He was on his way to Calvary when…

·       He stopped by the pool of Bethesda to heal a certain poor, cripple man.

·       He sat on Jacob’s well, down in Samaria, to give eternal life to a poor harlot.

·       He paused to meet with Moses and Elijah on the mount of Transfiguration.

·       He stopped by the Jericho road to give sight to a poor, blind beggar named Bartimaeus.

·       He stopped on that same road, leading up out of Jericho, to save a wretched publican named Zachaeus.

·       King Jesus was on his way to Calvary when he rode into Jerusalem on an ass’s colt, on his great inauguration day. Even then, his people took palm branches and shouted in anticipation of his victory, “Hosanna! Blessed is the King of Israel that cometh in the name of the Lord.”

 

Come with me now. I want us to go back one more time to “the place which was called Calvary.” Oh no, I do not suggest that we simply think of that physical place. We will leave those superstitious “holy places” and religious relics to the pope and his idolatrous worshippers. We care nothing for such things. But I do want us to go back to that place spiritually. In heart and mind, go with me to the place of the skull, just outside the gates of Jerusalem. With the eye of faith, I want us to behold the things that took place there.

 

Well do I recall my first visit to Calvary. I came as a guilty, heavy-laden sinner, burdened down with the oppressive load of my sin and guilt. But there I beheld the Son of God dying in my place; and the burden of my sin rolled away. I went home that day singing…

 

Mercy there was great and grace was free;

Pardon there was multiplied to me;

There my burdened soul found liberty!

At Calvary!

 

Proposition: I have just one purpose in preaching this message. ¾ I want you to behold the wonders of Calvary; and, being overwhelmed by the love and grace revealed in the death of Christ, I want you to trust your soul to the Son of God.

 

Divisions: My message, if it is blessed of God to your hearts, will fully meet the needs of all who hear me, both saints and sinners. As we stand here upon Mt. Calvary, the place where our redemption was accomplished, I would ask no curious questions. But I do want to raise five very practical questions, which might help us to worship the Lord of Glory, our Substitute, our Sacrifice, our Redeemer, our King.

 

1.       Who was there?

2.       What happened at Calvary?

3.       Why did the Son of God come to this place?

4.       What practical lessons are to be learned at Calvary?
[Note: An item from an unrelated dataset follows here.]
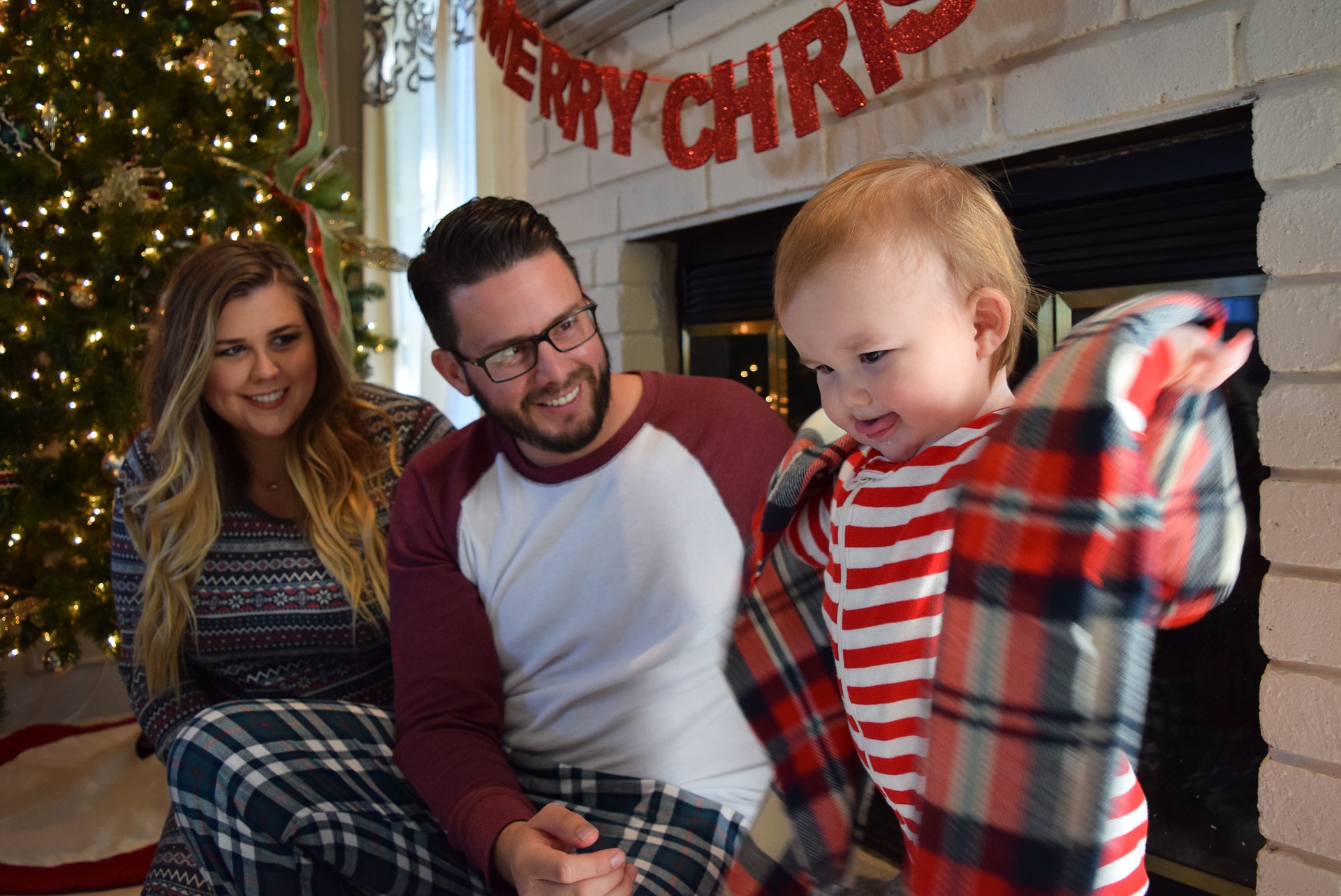 keep your teeth healthy this holiday season - child enjoying new jacket with parents next to Christmas tree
5.       Say, sinner, will you come to the place called Calvary?

 

Who was there?

 

To be sure, there were multitudes who gathered around the hideous sight. It was the sport of depraved minds in that day to watch the agonies of dying men. Wicked men of every rank were there. The self-righteous Pharisees joined in sport with the Roman soldier. Refined, educated men joined with the uncouth men of the streets in their diabolical amusement. Housewives and harlots danced together around the cross. Women and children joined in hellish concert with the songs of drunkards. But these are not the people who concern us now.

 

There were some people whom we might expect to see at Calvary who were not there.

·       Where were those disciples who had boasted that they had forsaken all to follow their Lord?

·       Where were those chosen men, the apostles, who had walked with Christ throughout his earthly ministry?

·       Where was the bold and boastful Peter?

·       Where were the thousands who had profited by the Lord’s miracles?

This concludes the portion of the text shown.